Satu tiang utama masjid tersebut dibantu dengan delapan tiang kecil sebagai penyangga atap pinggir masjid. Dalam peletakannya, delapan tiang tersebut ditata sedemikian rupa sehingga ketika dilihat dari berbagai sisi tampak jumlahnya sembilan tiang.

Menurut Kiai Nasrullah, ini merupakan simbol perjuangan Wali Sembilan dalam menyebarkan Islam di tanah Jawa dengan cara fleksibel mengikuti adat masyarakat. “Tidak radikal,” katanya.

Selain itu, di atas atap masjid dibangun beberapa sap ditempatkan gembol (akar) kayu jati sebagai mahkota. Masjid tidak menggunakan kubah dari aluminium atau semacamnya seperti yang umumnya digunakan sebagian masjid di Indonesia.

Tak hanya itu, semua yang ada di dalam masjid tersebut juga mengandung arti. Satu tiang tersebut merupakan petunjuk bahwa setiap yang masuk dalam masjid bisa mengingat zat Allah yang Maha Satu dengan kebesaran dan ketinggiannya. Sedangkkan panjang tiang 27 meter merupakan simbol bahwa salat diwahyukan kepada Rasulullah melalui Isro’ Mi’roj pada 27 Rajab.

Lebar masjid 17 meter berarti Al Quran yang diturunkan pada tanggal 17 Ramadan, panjang masjid 40 meter berarti nabi menerima wahyu pertama pada usai 40 tahun. Sementara tiang tambahan kanan dan kiri yang berisi delapan tiang ditambah satu tiang utama menunjukkan bahwa Islam masuk di tanah Jawa atas prakarsa sembilan wali.

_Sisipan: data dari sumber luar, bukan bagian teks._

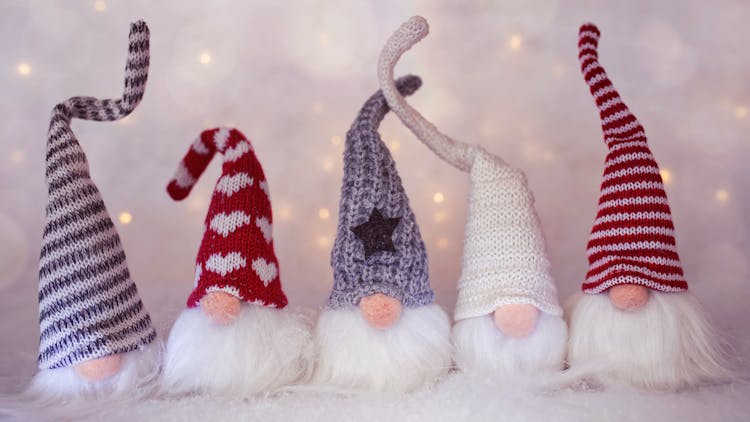 Set Of Christmas Gnomes With Hats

Lambat laun, masjid ini makin dikenal masyarakat meski tempatnya berada di tengah hutan di daerah perdalaman. Termasuk Ponpes Walisongo juga semakin kesohor seantero Nusantara. Bahkan, saudara ipar Sultan Hassanah Bolkia dari Brunai Darussalam bernama Abdul Hamid, sempat nyantri selama tiga tahun di sana. Dan saat ini, jumlah santri tercatat ada 1.600 santri dari berbagai daerah di Indonesia, termasuk dari Kalimantan, Sumatera, dan daerah lainnya.